Ingredients

  • 400 g spaghetti
  • 6 cloves garlic, thinly sliced
  • 0.5 cup extra-virgin olive oil
  • 0.5 teaspoon red pepper flakes
  • to taste salt
  • to taste freshly ground black pepper
  • 0.25 cup fresh parsley, finely chopped
  • 1 zest lemon
  • optional grated Parmesan cheese

Instructions

  1. In a large pot, bring salted water to a rolling boil. Add the spaghetti and cook according to package directions until al dente. Reserve about 1 cup of pasta water, then drain the spaghetti and set aside.
  2. In a large skillet, heat the extra-virgin olive oil over medium heat. Add the sliced garlic and red pepper flakes. Sauté gently, stirring frequently, until the garlic is golden and fragrant, about 2-3 minutes. Be careful not to burn the garlic, as it can turn bitter.
  3. Once the garlic is ready, add the drained spaghetti directly to the skillet. Toss well to coat the pasta in the garlicky oil. If the mixture seems dry, add a splash of the reserved pasta water until the desired consistency is achieved.
  4. Season the pasta with salt and freshly ground black pepper to taste.
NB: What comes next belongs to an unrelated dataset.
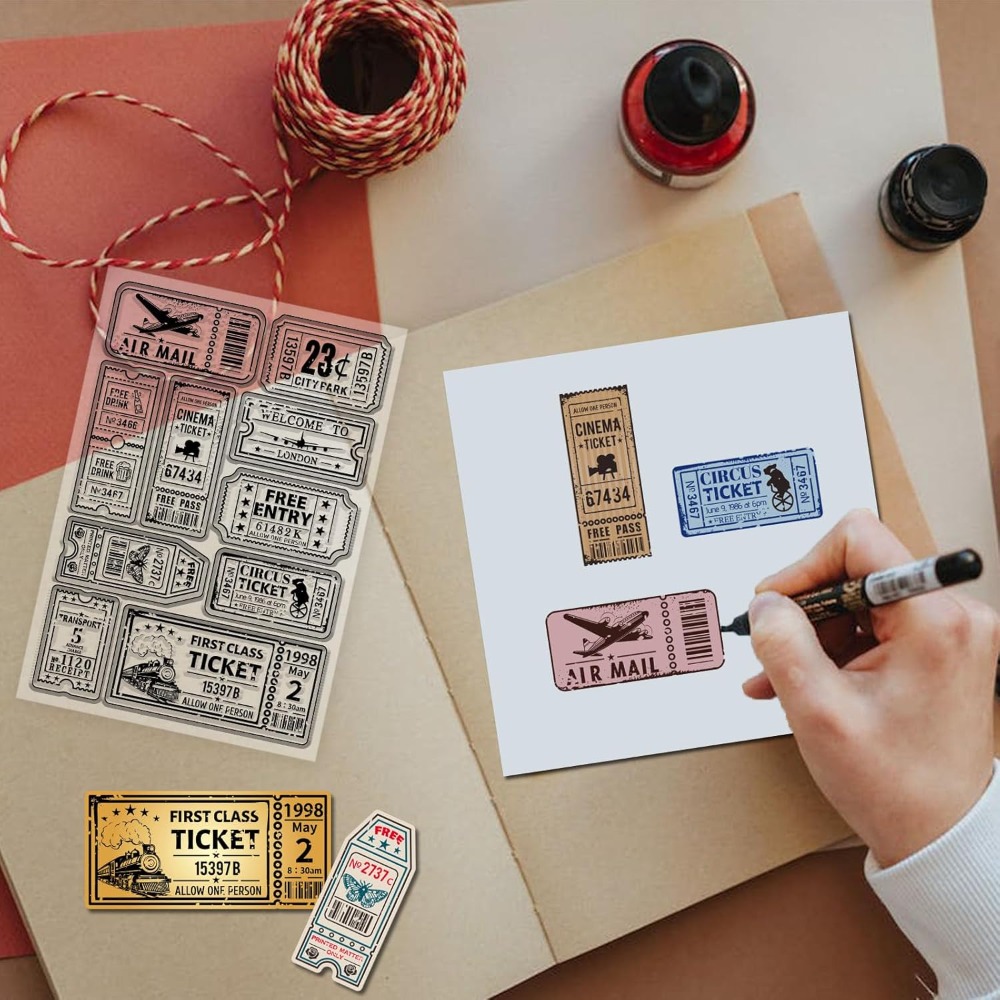 빈티지 티켓 스크랩북킹을위한 클리어 스탬프 기차 비행기 - Clear Silicone Stamps For Card Making 리뷰 및 가격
Remove from heat and stir in the freshly chopped parsley and lemon zest for a bright flavor twist.
  5. Serve immediately, garnished with additional parsley and a sprinkling of grated Parmesan cheese, if desired.

💡 Chef's Notes

Plates can be garnished with extra parsley or even a lemon wedge on the side for added color and freshness. Place the pasta in a nest shape for elegant plating.